PRESIDENT KARZAI: Thank you. Good to see you again. Thank you.
SEC. RUMSFELD: We hope your trip to the United States is an excellent one.
PRESIDENT KARZAI: It's beautiful always --
SEC. RUMSFELD: And we brought good weather for you.
PRESIDENT KARZAI: -- especially during the fall, and all the colorful trees.
Secretary Rumsfeld, I'm honored to be in the United States once again, and on such a good day, especially to be meeting with you. And thank you, by the way, for the excellent honor guard.
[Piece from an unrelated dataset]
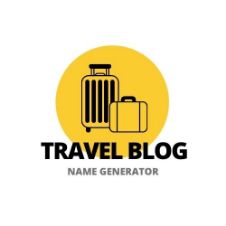 Travel Blog Name Generator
I hope I can get a copy of the national anthem of Afghanistan that you played so nicely, and quite romantic, by the way, it was played.
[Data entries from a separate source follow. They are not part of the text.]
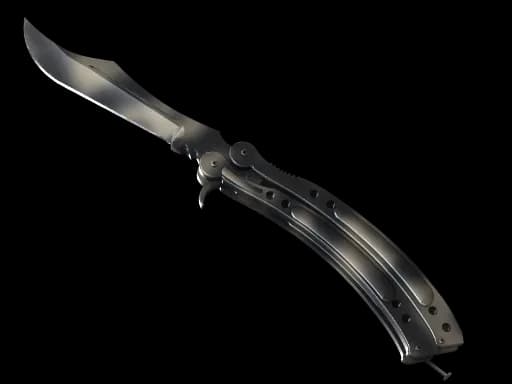 ★ Butterfly Knife | Scorched (Minimal Wear)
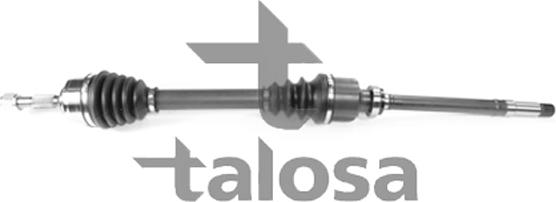 Talosa 76-PE-8002 - Drive Shaft autospares.lv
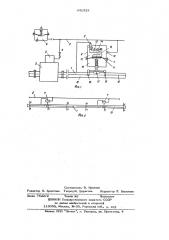 Система аварийной защиты самоходной многоопорной дождевальной машины (патент 641923)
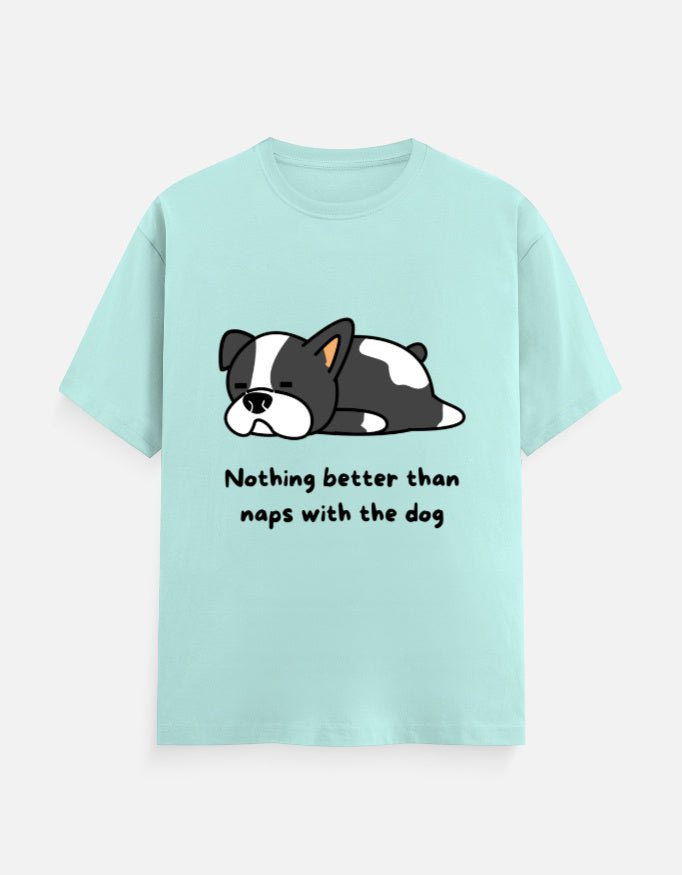 Hyptee Dog Lover T-Shirt | Cozy Dog Naps Tee - hyptee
Ladies and gentlemen, we had a very good conversation today with Secretary Rumsfeld about all the good that has been done in Afghanistan by the United States, from the day of liberation of Afghanistan from terrorism, to the reconstruction, to the institution building, to the elections, and to the constitution, and to the return of 4 million refugees to Afghanistan, and to build roads and all that.
We also discussed the problems that we have -- the question of drugs production and the continuation of the fight against terrorism -- for the productive full meeting.
I thank you once again, Secretary Rumsfeld, for giving us this opportunity.
SEC. RUMSFELD: Thank you very much, Mr. President.
I might also add that President Karzai brought with him, four or five members of his Cabinet and senior officials from the presidential palace that are joining us today, and we welcome them as well.
I don't know how many times we've met now, Mr. President, but it's been many, many times.
PRESIDENT KARZAI: Many times.
SEC. RUMSFELD: Here and there. And the progress that is being made in Afghanistan is notable, and certainly, the leadership that you and your elected government under your constitution that the Afghan people drafted is encouraging for all of us who are engaged and wishing you success.
The North Atlantic Treaty Organization is engaged in what is for NATO a truly historic event. They are -- for the first time in the history of organization, they are engaged in a major military activity outside of the NATO treaty area, outside of Europe, and every country, every one of the 26 countries, plus a large number of the NATO Partnership for Peace countries -- I think it's a total of 42 countries now -- are engaged in one way or another in assisting in Afghanistan with the security activities.
And the leadership that NATO's providing is important. It's valuable, and it reflects a commitment on the part of those 26 countries to your success and to the success of the Afghan people.
We'd be happy to take one or two or three questions. Why don't we start with -- is there anyone from Afghanistan here?
PRESIDENT KARZAI: Not today.
SEC. RUMSFELD: Not today.
PRESIDENT KARZAI: That's good for me.
SEC. RUMSFELD: All right. Yes?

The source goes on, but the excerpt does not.